King Edward VII of the United Kingdom has been depicted a number of times in different media and popular culture.

==Literature==
- King Edward appears in the fantasy novel The Master Key by L. Frank Baum, which came out in 1901, the first year of his reign
- King Edward is a character in George MacDonald Fraser's novel Mr. American, and also appears in Flashman and the Tiger by the same author.
- Edward appears as the narrator and detective protagonist in three period mysteries by Peter Lovesey, Bertie and the Tinman, Bertie and the Seven Bodies, and Bertie and the Crime of Passion.
- King Edward appears in The Question and The Dream Kingdom, Volumes 25 and 26 respectively of The Morland Dynasty, a series of historical novels by author Cynthia Harrod-Eagles.
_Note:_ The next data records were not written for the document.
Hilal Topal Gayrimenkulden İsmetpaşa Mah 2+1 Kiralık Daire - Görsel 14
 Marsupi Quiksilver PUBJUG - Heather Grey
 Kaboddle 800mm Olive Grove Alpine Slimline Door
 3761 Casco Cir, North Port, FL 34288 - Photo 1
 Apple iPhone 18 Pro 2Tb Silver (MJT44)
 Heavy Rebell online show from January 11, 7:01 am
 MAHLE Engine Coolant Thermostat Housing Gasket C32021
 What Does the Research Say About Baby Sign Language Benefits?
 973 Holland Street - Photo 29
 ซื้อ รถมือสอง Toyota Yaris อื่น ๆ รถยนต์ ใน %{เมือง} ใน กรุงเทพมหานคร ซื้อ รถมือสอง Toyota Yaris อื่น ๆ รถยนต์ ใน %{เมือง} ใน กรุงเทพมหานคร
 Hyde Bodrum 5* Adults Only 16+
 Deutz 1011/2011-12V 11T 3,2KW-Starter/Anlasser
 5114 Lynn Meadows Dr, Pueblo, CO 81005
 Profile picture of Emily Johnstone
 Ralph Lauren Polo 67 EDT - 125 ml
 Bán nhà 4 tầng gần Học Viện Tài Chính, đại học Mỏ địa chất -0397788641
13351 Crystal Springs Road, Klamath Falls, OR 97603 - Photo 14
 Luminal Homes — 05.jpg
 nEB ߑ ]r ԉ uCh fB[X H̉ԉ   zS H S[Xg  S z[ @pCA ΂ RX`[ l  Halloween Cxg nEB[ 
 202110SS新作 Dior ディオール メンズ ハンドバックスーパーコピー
These two novels are set during his reign and some of the characters in the series are part of his 'set' during his wild young days; others assist him on diplomatic missions when he is King.
- Appears, when still Prince of Wales, as a minor character in the historical-mystery novel Stone's Fall, by Iain Pears.
- King Edward appears in Peter and the Sword of Mercy (2009), the fourth volume of the Starcatchers series by Dave Barry and Ridley Pearson.

==Film==
On film, Edward has been portrayed by:
- Aubrey Dexter in Sixty Glorious Years (1938)
- Alfred Bernau in Ohm Krüger (1941)
- Edwin Maxwell in the comedy Holy Matrimony (1943)
- Stuart Holmes in The Lodger (1944)
- Cecil Kellaway in Mrs. Parkington (1944)
- Leslie Denison in The Great John L. (1945)
- Ian Murray in the comedy western The First Traveling Saleslady (1956)
- Laurence Naismith in The Trials of Oscar Wilde (1960)
- James Robertson Justice in Mayerling (1968)
- Reginald Marsh in Young Winston (1972)
- David Brierly in the comedy On the Game (1974)
- Victor Langley in the Sherlock Holmes/Jack the Ripper film Murder by Decree (1979)
- Michael Cronin in the short Le Petomane (1979)
- Ian McNeice in 1871 (1990)
- Christopher Guest as Corky St. Clair playing King Edward in Red, White and Blaine within Waiting for Guffman (1996)
- David Westhead in Mrs. Brown (1997)
- Eddie Izzard in Victoria & Abdul (2017)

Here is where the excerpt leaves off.